Analyze branch size and compression distributions.

In [9]:
from intccms.metrics.inspector.aggregator import compute_branch_statistics

branch_stats = compute_branch_statistics(results)

table = format_branch_stats_table(branch_stats)
console.print(table)

  return _methods._mean(a, axis=axis, dtype=dtype,
  ret = ret.dtype.type(ret / rcount)


ValueError: max() iterable argument is empty

## Step 7: Per-Dataset Statistics

Group results by dataset and compute per-dataset statistics.

In [None]:
# Group by dataset
grouped = group_by_dataset(results, dataset_map)

# Compute per-dataset statistics
dataset_stats = compute_dataset_statistics(grouped)

# Display as rich table
table = format_dataset_stats_table(dataset_stats)
console.print(table)

## Step 8: Compression Statistics

Analyze compression ratios across all files.

In [None]:
compression_stats = compute_compression_stats(results)
# Display as rich table
table = format_compression_stats_table(compression_stats)
console.print(table)

## Step 9: Visualizations

Create plots to visualize the inspection results.

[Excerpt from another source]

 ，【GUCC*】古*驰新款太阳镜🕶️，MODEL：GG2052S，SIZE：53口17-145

# Events per file ratio by dataset

### Events per file ratio by dataset

In [None]:
fig, ax = plot.plot_events_per_file_by_dataset(dataset_stats)
plt.show()

### Event Distribution

In [None]:
fig, ax = plot.plot_event_distribution(results)
plt.show()

### Dataset Comparison

In [None]:
fig, (ax1, ax2) = plot.plot_dataset_comparison(dataset_stats)
plt.show()

### Understanding Box Plots

The box plots in this analysis show statistical distributions:

- **Box**: Contains the middle 50% of data (interquartile range, IQR)
- **Line inside box**: Median value (50th percentile)
- **Whiskers**: Extend to the 5th and 95th percentiles
- **Points beyond whiskers**: Outliers outside the 5th-95th percentile range

This visualization helps identify data skewness, outliers, and distribution characteristics.


### Branch Size Distribution

In [None]:
fig, ax = plot.plot_branch_size_distribution(results)
plt.show()

### Branch Compression Distribution

In [None]:
fig, ax = plot.plot_branch_compression_distribution(results)
if fig is not None:
    plt.show()
else:
    print("No compression data available")

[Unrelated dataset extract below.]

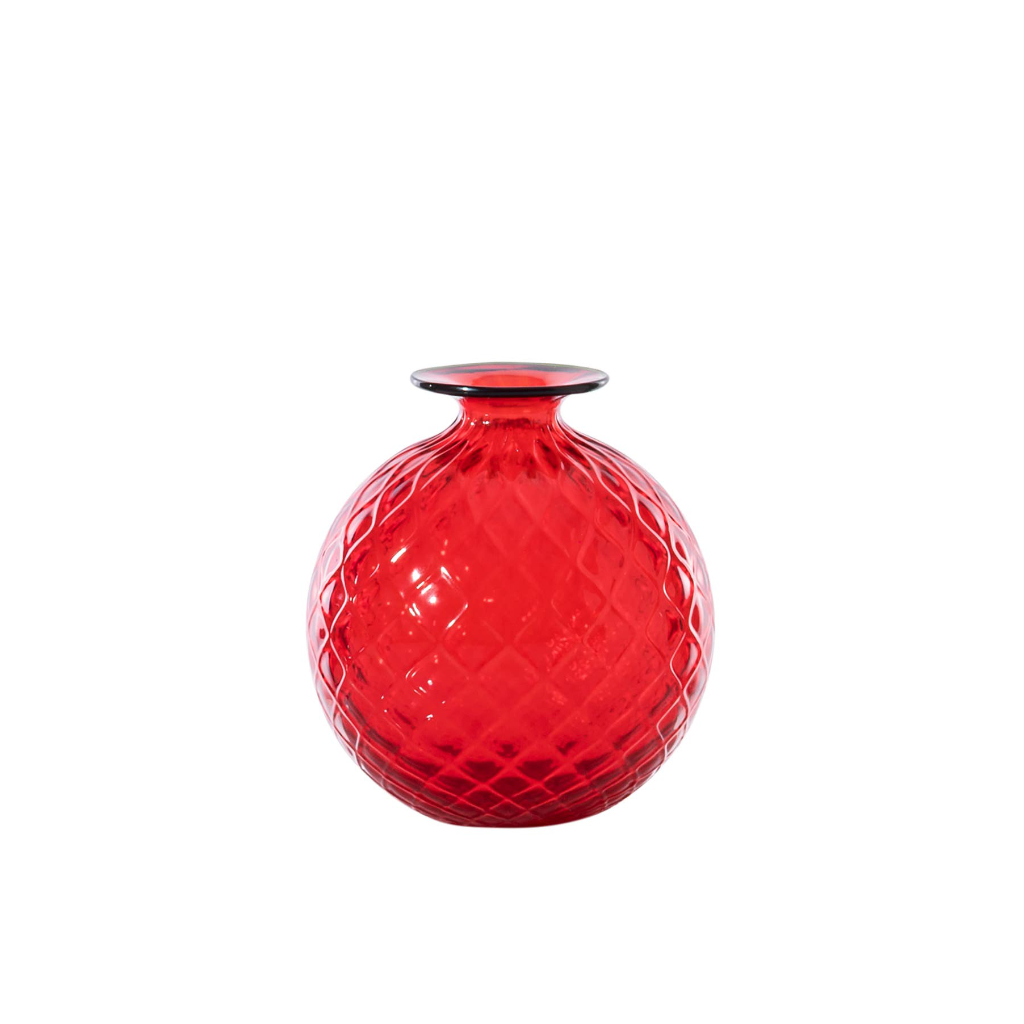 Vase Monofiore Balloton - Ø 18 cm H 20,5 cm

### Branch Distributions by Dataset

In [None]:
fig, (ax1, ax2) = plot.plot_branch_distributions_by_dataset(results, dataset_map)
plt.show()

### File Size Distribution

In [None]:
fig, ax = plot.plot_file_size_distribution(results)
if fig is not None:
    plt.show()
else:
    print("No file size data available (all files are remote)")

### Summary Dashboard

Create a comprehensive dashboard with all key plots.

In [None]:
fig = plot.plot_summary_dashboard(results, dataset_stats, dataset_map)
plt.show()

## Step 10: Save Results

You can save plots to files and export statistics to JSON.

In [None]:
import json

# Save summary dashboard
# fig = plot.plot_summary_dashboard(
#     results, dataset_stats, top_branches,
#     save_path="input_summary.png"
# )

# Export statistics to JSON
# output = {
#     "overall_stats": stats,
#     "dataset_stats": dataset_stats,
#     "compression_stats": compression_stats,
#     "top_branches": [
#         {"name": name, "size_bytes": size, "compression_ratio": ratio}
#         for name, size, ratio in top_branches
#     ],
# }
# 
# with open("inspection_results.json", "w") as f:
#     json.dump(output, f, indent=2)

print("Done! You can save plots and export statistics as needed.")